Container Security Across the SDLC: From Dockerfile to Production

Container Security Across the SDLC: From Dockerfile to Production

Problem

Most container security programmes are reactive. A production vulnerability scan finds a critical CVE in a base image that has been running for eleven months. The fix requires rebuilding every image in the fleet, retesting, and redeploying — work that interrupts two teams for a week. The CVE was fixable eleven months ago in one line of a Dockerfile.

The underlying problem is not the scanner. It is that the scanner is the only control, placed at the wrong end of the lifecycle.

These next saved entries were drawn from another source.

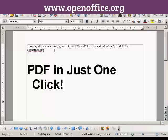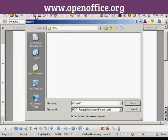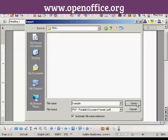All you have to do is come up here to the main toolbar and click on the PDF icon. This window opens up. We just need to give our PDF a name — let's call it Example — and then click on Save.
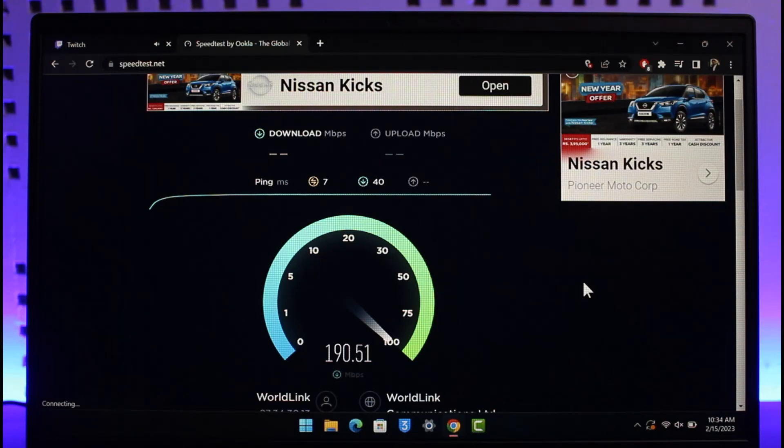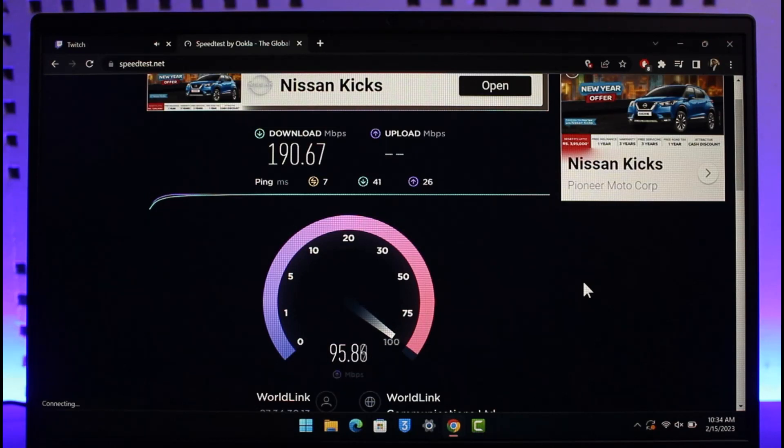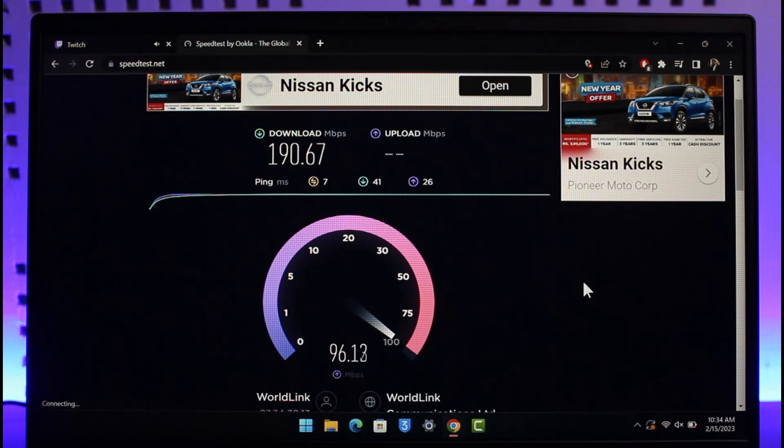So hope this video helped you answer the question as to how fast your internet really needs to be in order to stream on Twitch. We hope the video was really helpful, and if it did help you, make sure to leave a like and subscribe to the channel. And if you have any more questions, feel free to leave them down. Thank you very much for watching till the end and see you in the next video.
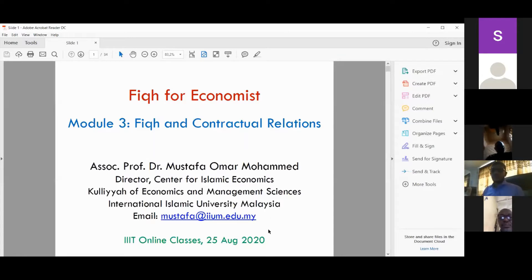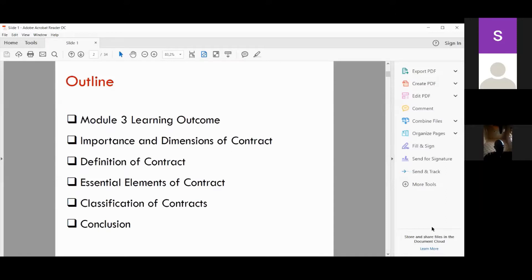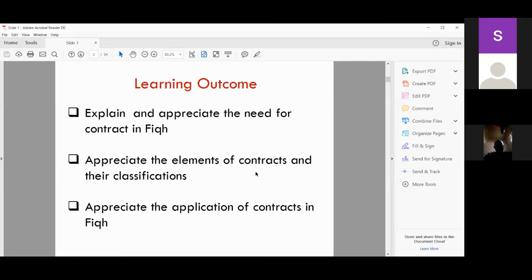So now inshallah we'll be looking at Module Three. From this module, we'll be looking at the importance and dimensions of contracts, the definition of contracts, the essential elements of contracts, and the classification of contracts. At the end of this session we should be able to: explain and appreciate the need for contracts in fiqh, appreciate the elements of contracts and their classification, and appreciate the applications of some of those contracts in fiqh.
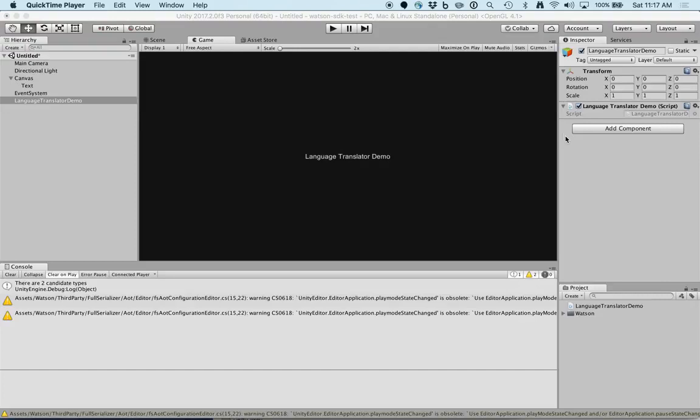In the next video, we're going to create an instance of language translator within the language translator demo script.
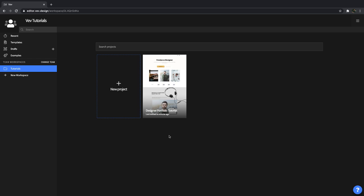Let's go over project structure or the anatomy of a project. Now projects are to Vet what documents are to Google Drive. You can create projects based on existing or custom templates to get a head start. You can also choose to create blank projects to have maximum creative freedom.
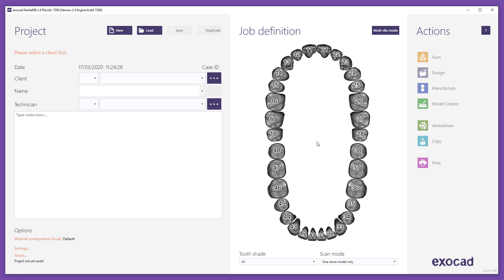To start, launch ExoCAD DentalDB and load an existing job.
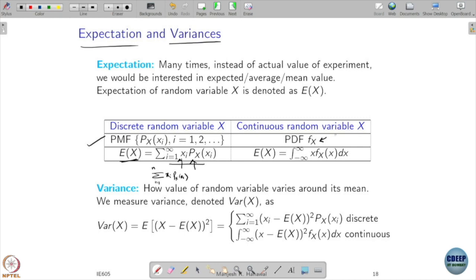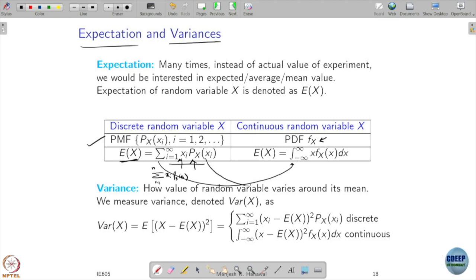This is the expected value in the discrete case. Similarly, if given a probability density function, when you go from discrete to continuous, summation changes to integration and the PMF changes to the probability density function. That gives you the expected value of your random variable in the continuous case.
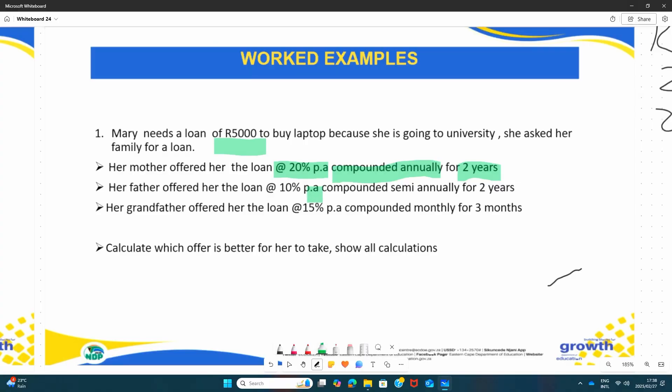Now let's look at the second option. Her father offered her the loan at 10% per annum, compounded semi-annually for two years. We have 10% per annum, compounded semi-annually, for two years. The 10% is the interest rate, the initial amount is R5,000, and it is compounded semi-annually, which means the interest will be calculated two times in one year. The loan is for two years.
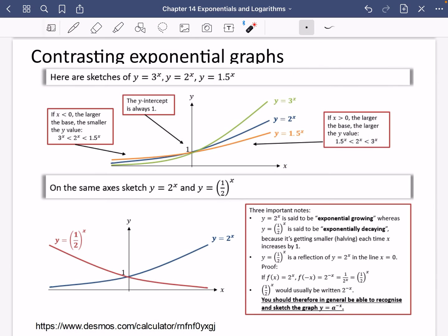Going back to the slides: here are sketches of y equals 3 to the power of x, 2 to the power of x, and 1.5 to the power of x. Clearly 3 to the x is the steepest one and goes close to the x-axis really quickly. 2 to the power of x is in between and 1.5x is at the bottom. When x is less than 0, the larger the base, the smaller the y-value. The y-intercept is always 1 because all of these to the power of 0 is 1. And when x is greater than 0, the larger the base, the larger the y-value.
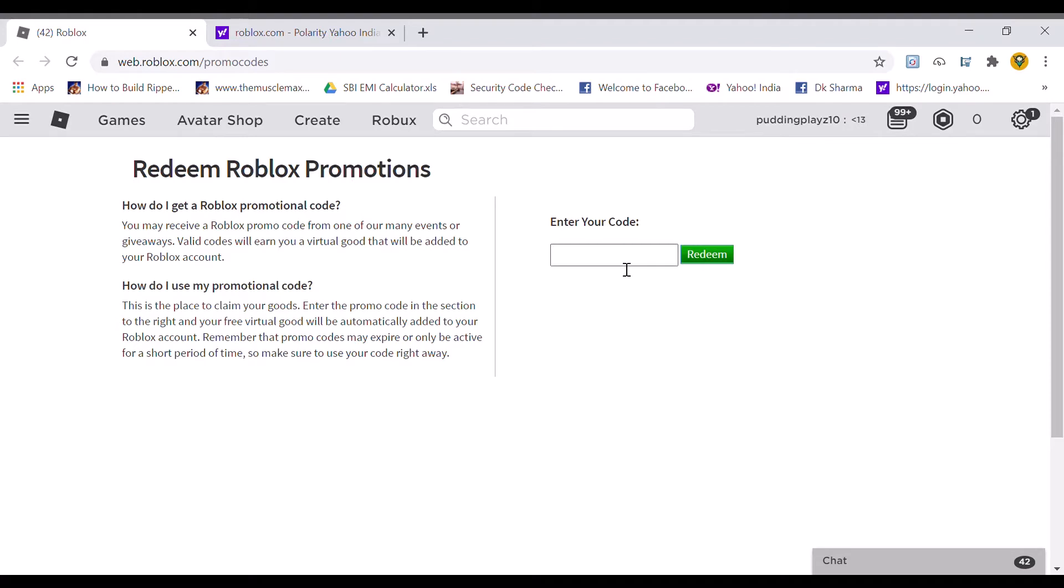We are on Roblox promo codes. If you want to enter, you have to search roblox.com slash promo codes. I will tell you 9 brand new codes today. But make sure to subscribe and like to my channel if you haven't already. Let's start the video.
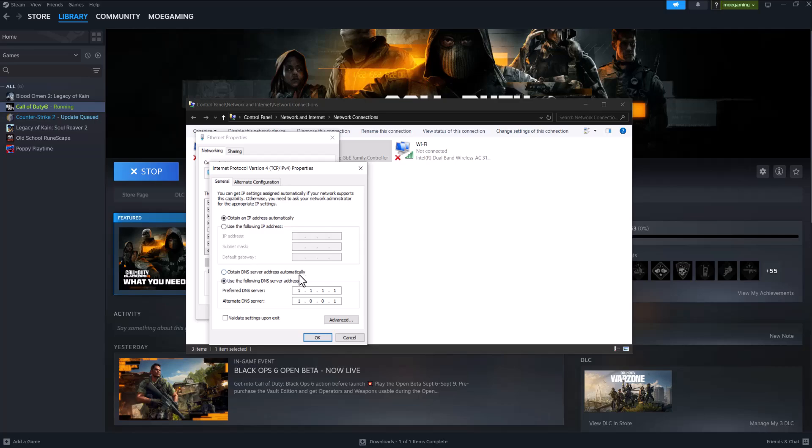Change your DNS server from automatic into manual and change it to 1.1.1.1 and alternate to 1.0.0.1. Basically do this, let it run of course. You should be good to go. You should not have these issues and you should not be lagging anymore in Call of Duty.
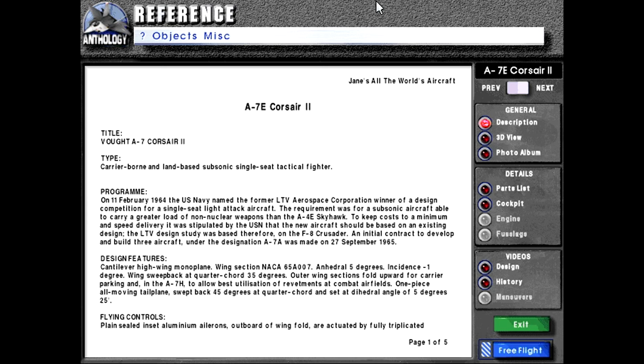Design features: Cantilever high-wing monoplane. Wing section NACA 65A007, dihedral 5 degrees, incidence negative 1 degree. Wing sweepback at quarter-chord 35 degrees. Outer wing sections fold upward for carrier parking and in the A-7H to allow best utilization of revetments at combat airfields. One-piece all-moving tailplane, swept back 45 degrees at quarter-chord and set at dihedral angle of 5 degrees, 25 minutes.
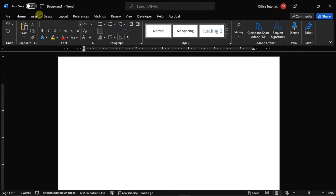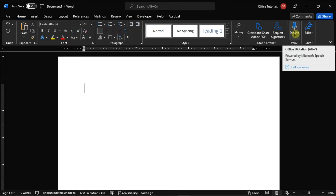Then, navigate to the Home tab and click the Dictate option under the Voice section.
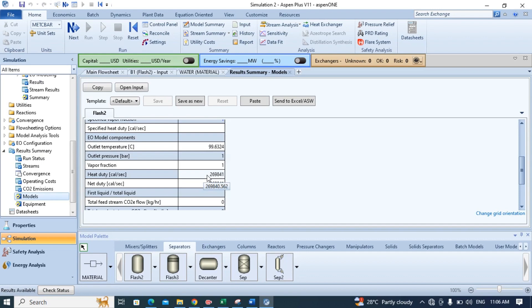In this tutorial we have learned how to calculate heat of vaporization of water using Aspen Plus.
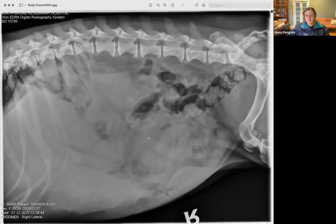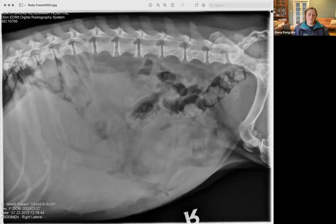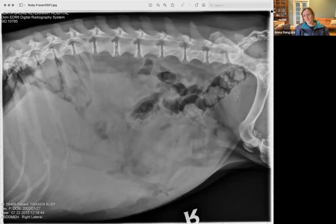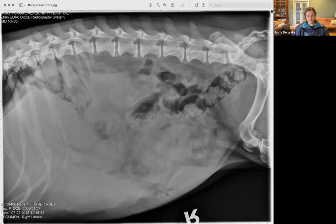An exam question: an eight-year-old female spayed golden retriever presented acutely collapsed with pale mucous membranes, tachycardia, and a distended abdomen on physical exam. Blood was collected and while waiting for results, a single lateral radiograph was taken. Describe the changes you see on the radiograph.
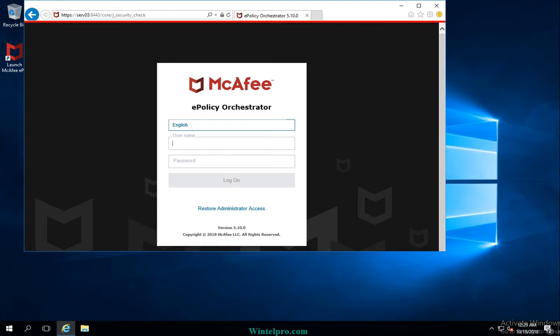Today we will learn about a very interesting topic: EPO Authentication. EPO Authentication is the way to enter into McAfee EPO. Once you enter the EPO, you can perform all the tasks related to EPO and the McAfee EPO client agent, such as client task assignment, policy configuration, or product deployment. All these activities can only be performed after entering the correct authentication details.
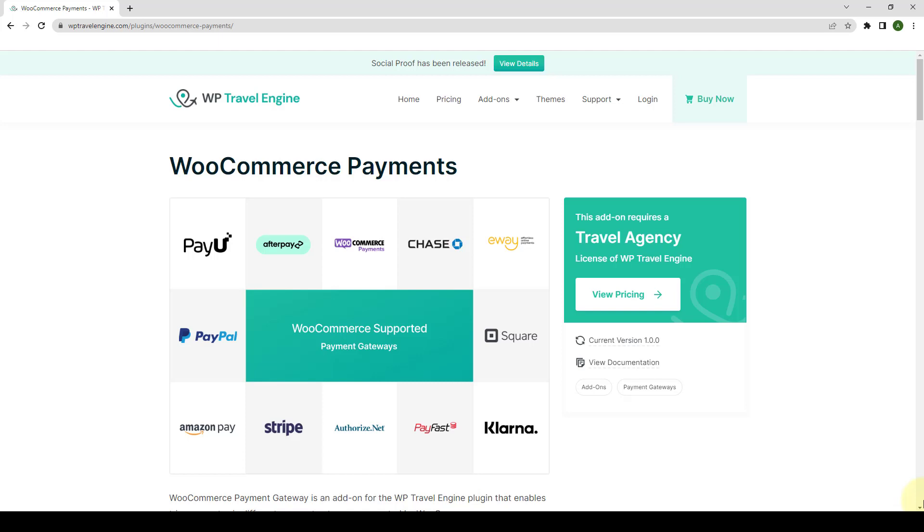WooCommerce Payment Gateway is an add-on for the WP Travel Engine plugin that enables trip payments to be done via different WooCommerce payment gateways. WooCommerce supports a number of payment gateways through extensions, i.e., WooCommerce plugins. And with the WooCommerce Payment Gateway add-on, the WP Travel Engine plugin will build support for these added payment gateways.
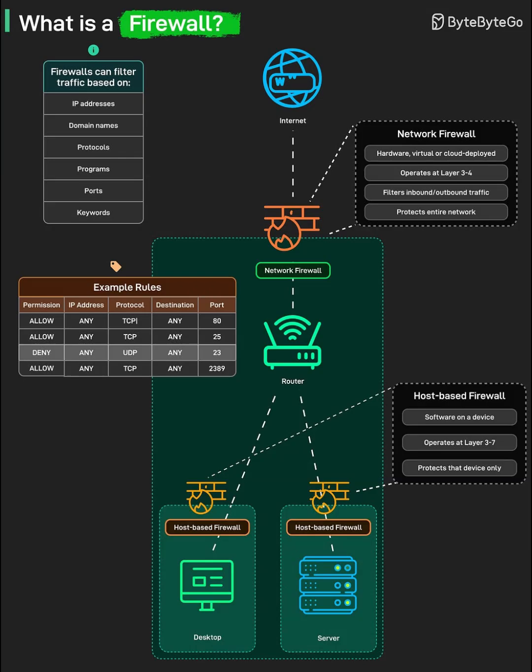Because all external traffic passes through it, a network firewall acts as the first line of defense, enforcing organization-wide policies like blocking risky ports, allowing VPN tunnels, or restricting access to internal services. This centralized control makes it easier to monitor, log, and respond to suspicious activity at the perimeter.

Container security done correctly is a set of controls distributed across every phase of the software development lifecycle — with the heaviest investment at the phases where cost of remediation is lowest.

This guide maps each control to its SDLC phase, explains the threat it mitigates, and provides configuration that can be adopted incrementally.

Target systems: Teams building containerised applications deployed to Kubernetes or equivalent container orchestration platforms. Controls are tool-specific where a dominant tool exists; the patterns apply to equivalent alternatives.

Threat Model

The threats container security controls must address:

  • Supply chain compromise. A base image or package pulled from a public registry contains malware or a backdoored dependency. The application ships the compromise into production.
  • Vulnerable dependencies. Known CVEs in the OS layer, language runtime, or application packages are exploited by an attacker with network access.
  • Container escape. A container process exploits a kernel vulnerability or misconfigured privilege to break out to the host, gaining access to other containers or the underlying node.
  • Privilege escalation within the container. An unprivileged process elevates to root inside the container, expanding the blast radius of a compromise.
  • Image tampering. An image is modified between build and deploy — either through a registry compromise or a supply chain attack on the CI pipeline — and the change is not detected.
  • Runtime process injection. An attacker with initial access spawns unexpected processes, opens network connections, or reads sensitive files — activity that is detectable but only if runtime monitoring is in place.
  • Accumulated CVE debt. Base images age without updates. A base image that was clean at build time accumulates critical CVEs over months. Without automated update workflows, the debt grows silently.

Phase 1: Development

The development phase is where the security debt of the entire fleet is set. The Dockerfile written by an engineer on a Tuesday afternoon determines the attack surface of every container running that image for the next six to twelve months. Two controls make the most difference here.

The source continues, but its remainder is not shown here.